Cameroon's daily weather conditions6 and climatic factors are both a blessing and curse to the
nation's quest to feed its people and its industries. To the south of the sixth parallel, the south
Cameroonian plateau and the coastal plain have a four-season equatorial climate and forests. To
the west, throughout a territory stretching from the mouth of the River Sanaga to the northern
frontier of Northwest Province, the Guinean monsoon brings about a pseudo-tropical climate by
the suppression of the short dry season which should occur during July to August. To the north,
there is a two-season equatorial climate with a savanna showing some variations. The plateau of
Adamawa has a Sudano-Guinean climate and a savanna with gallery forest; the Benoue Basin has
the usual Sudanese climate with wooded savanna and to the north of the tenth parallel there is
Sudano-Sahelian climate with a low savanna.
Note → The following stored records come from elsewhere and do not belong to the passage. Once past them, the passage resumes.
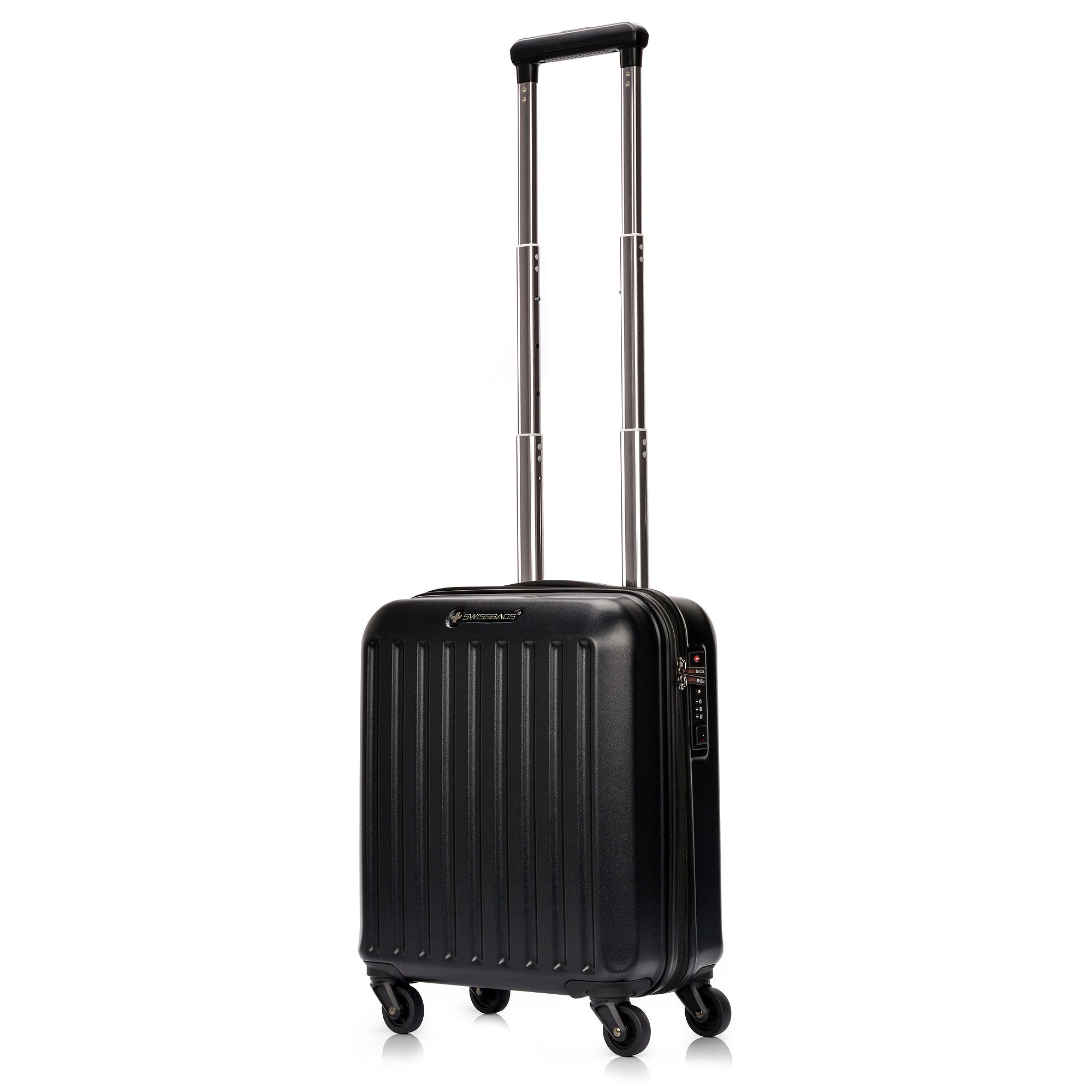 Mazs kabīnes čemodāns SwissBags 45 cm Melns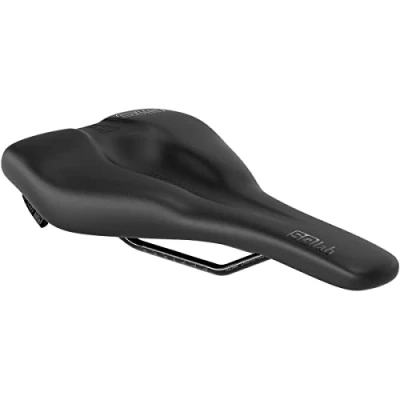 Image de SQlab 610 Ergolux Active 2.1 Selle de vélo VTC Unisex Adult, Noir, 17 cm
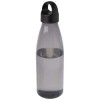 Bergen 800 ml recycled plastic water bottle in Solid Black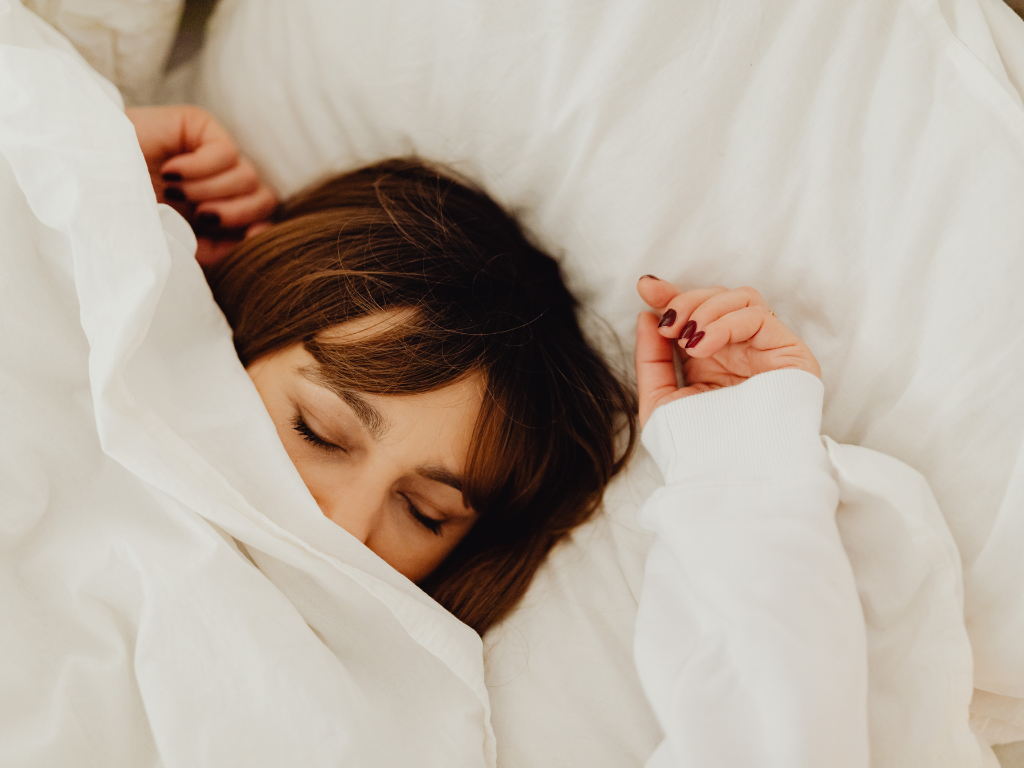 An image of a woman having a good sleep
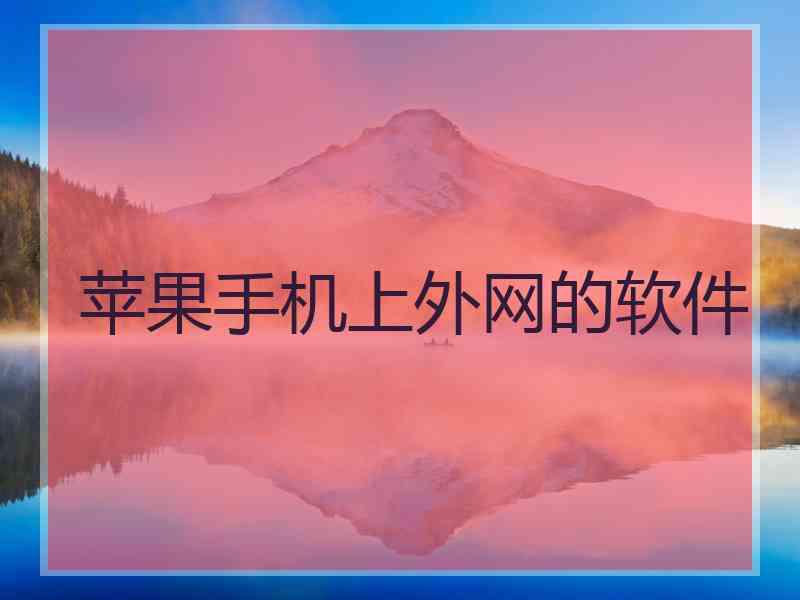苹果手机上外网的软件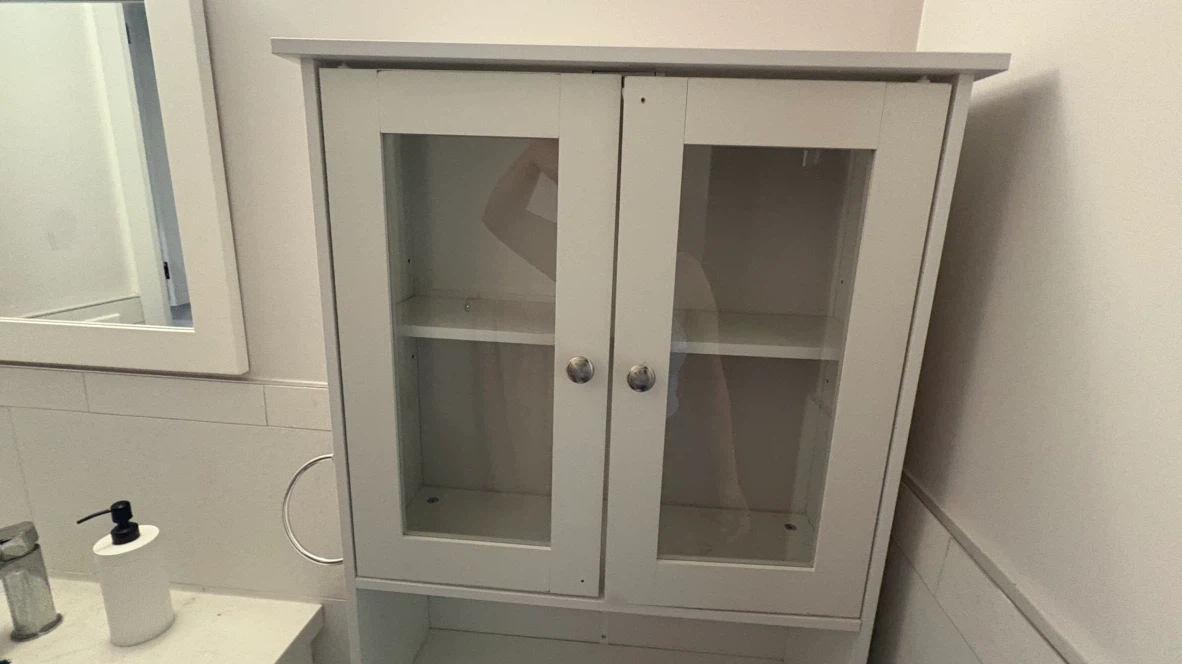 Shintenchi White Over-the-Toilet Storage Cabinet - photo 3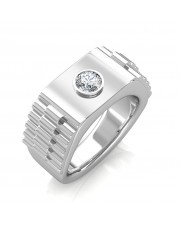 The Leopold Ring For Him - 0.15 carat- Platinum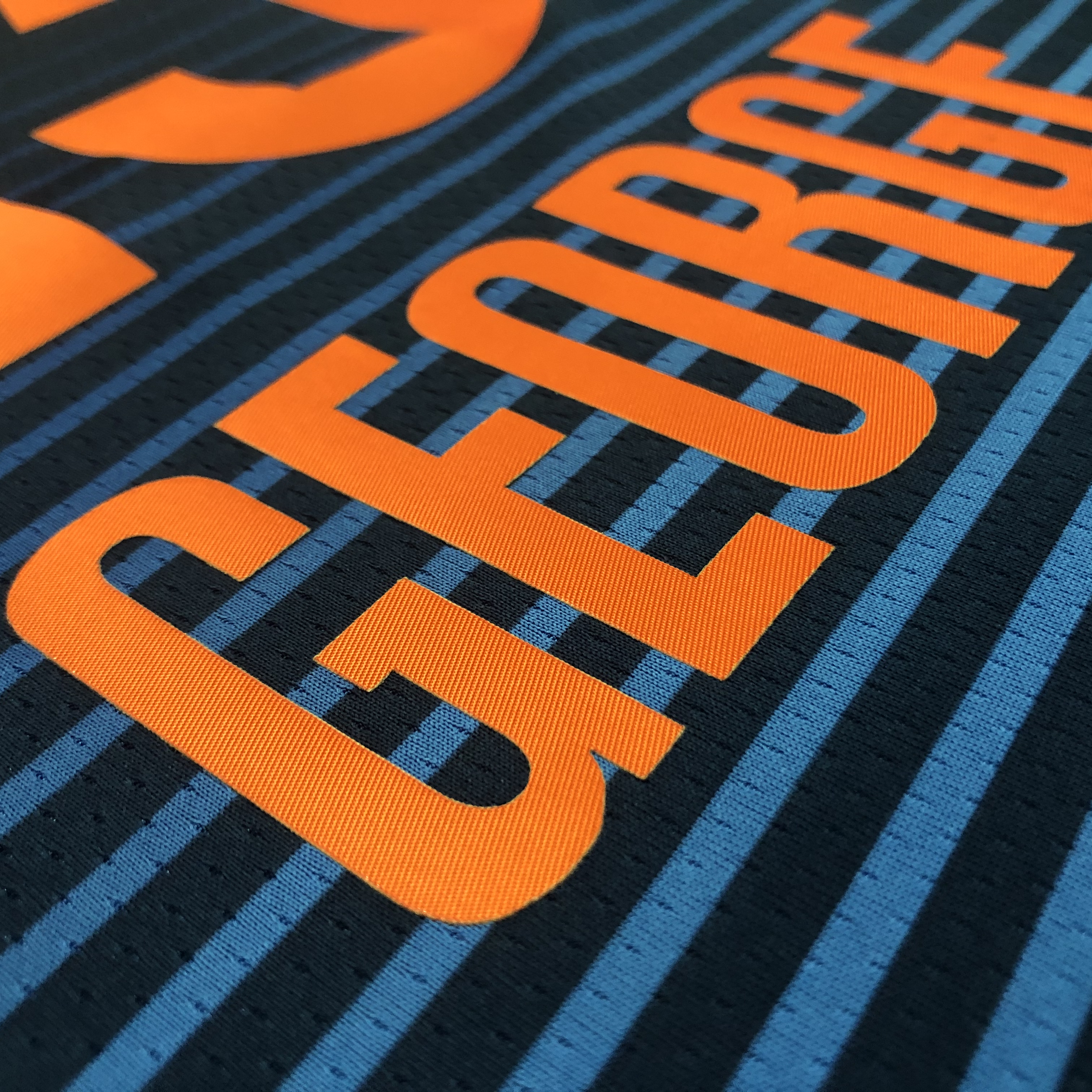 Oklahoma City Thunder Blue STRIPE  No.13 George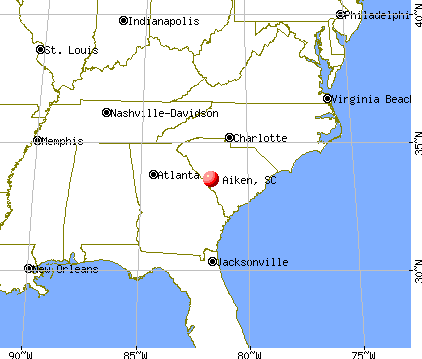 Aiken, South Carolina map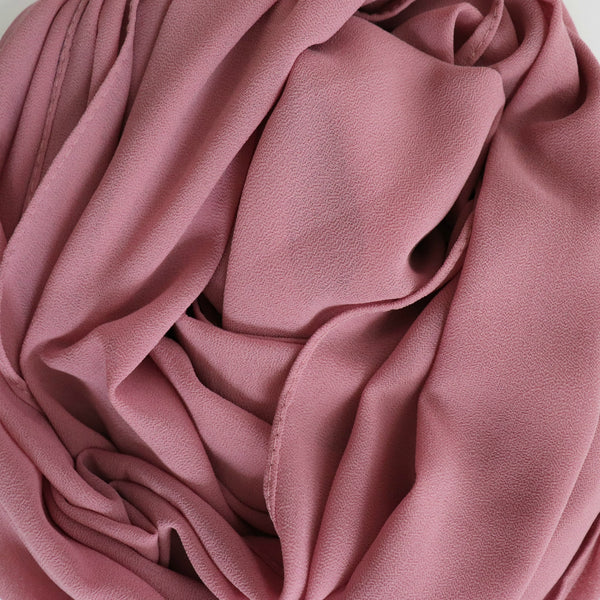 Dusty Pink - Premium Chiffon – TheModestCollective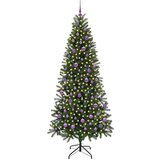 vidaXL Umestno božično drevo med 300 LED Zelena 210 cm PE in PVC | Shoptok.si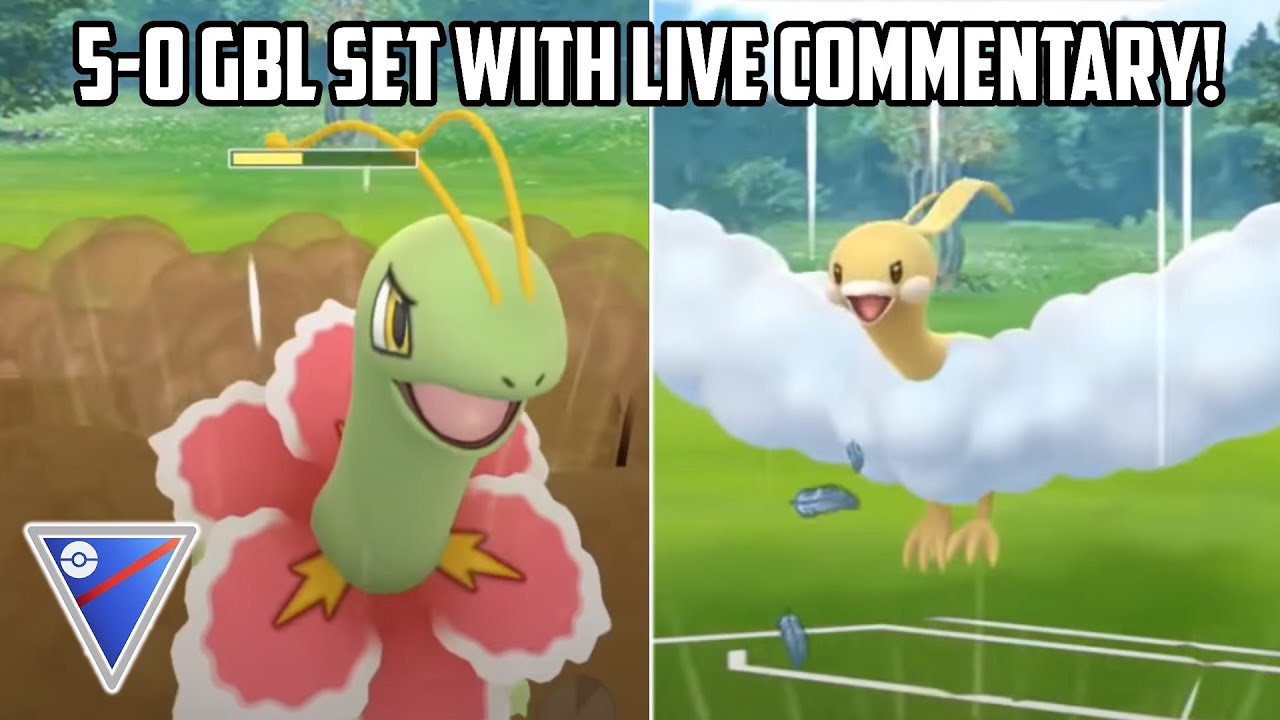 Rank 5: 5-0 GBL Battles with Live Commentary in Pokemon Go!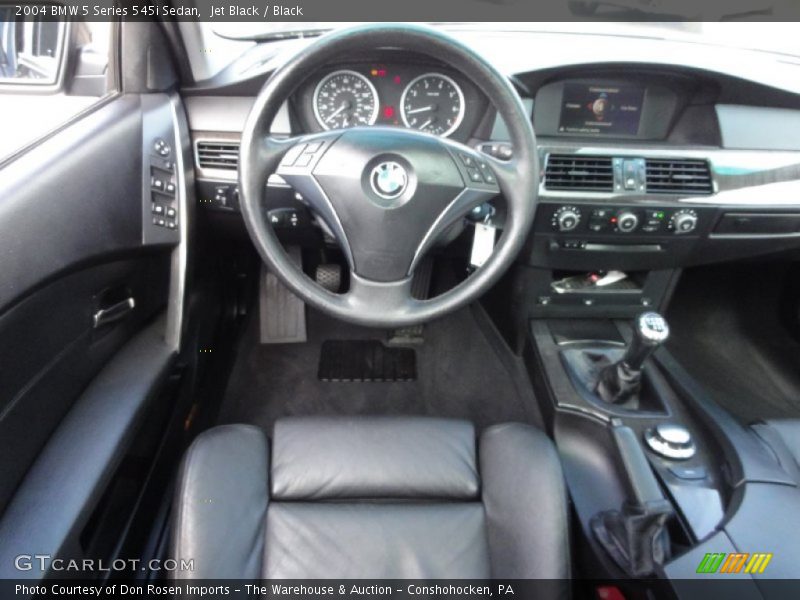 Jet Black / Black 2004 BMW 5 Series 545i Sedan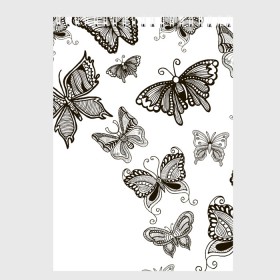 Скетчбук с принтом Коллекция BOUDOIR в Санкт-Петербурге, 100% бумага
 | 48 листов, плотность листов — 100 г/м2, плотность картонной обложки — 250 г/м2. Листы скреплены сверху удобной пружинной спиралью | абстракция | бабочки
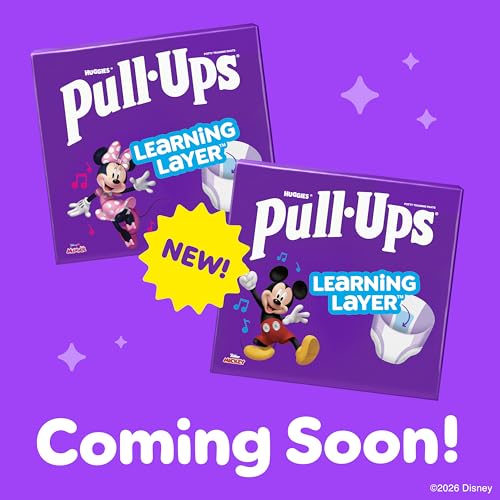 Pull-Ups Girls' Potty Training Pants, Size 3T-4T Training Underwear (32-40 lbs), 112 Count (4 Packs of 28)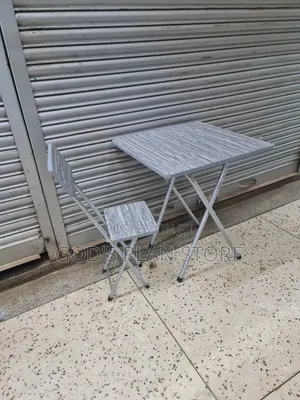 Comb Foldable Reading Chair and Table Graywish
The country has two major seasons, dry and wet. The winds which influence the climate of
Cameroon are the north-east trade wind that blows from North Africa, and the south-west
monsoon from across the Atlantic Ocean. The north-east trade wind which begin to blow across
the country from about October marks the beginning of the dry season. It sweeps down across the
country as a dry wind known as the harmattan, which continues to blow for about nine months in
the north, and for about six months in the south. Temperatures during this period are often very
high, ranging from 26.6°C to over 32°C as we move northwards. The weak prevailing south-west
winds continue to blow in the coastal areas, leading to occasional rainfall along the coast during
this season. The prevailing south-west winds begin to blow strongly across the Atlantic Ocean in
about mid-March, marking the beginning of the wet season. The effect is stronger in the south than
in the north, thus the southern region of the country experiences a longer wet season than the
northern region.

Most of the rains in Cameroon fall between April and October, with rainfall highest at the coast
but diminishing steadily northwards. Two factors are responsible for this phenomenon: first the
nearness to the sea, which means the winds blowing across the coast are moisture laden, and
second the fact that the coastline is at right angles to the rain-bearing wind, which means that the
influence of the south westerly winds is not only concentrated along the shores of this gulf, but is
felt for a longer period.

Temperatures decrease as latitude and altitude increase. Southern Cameroon has an average
temperature of about 25°C. In the extreme north of the country daily temperatures are very high,
usually between 25°C and 34°C, with large amount of sunshine. Two main factors influence
temperature in Cameroon: the amount of cloud and rain, and the altitude.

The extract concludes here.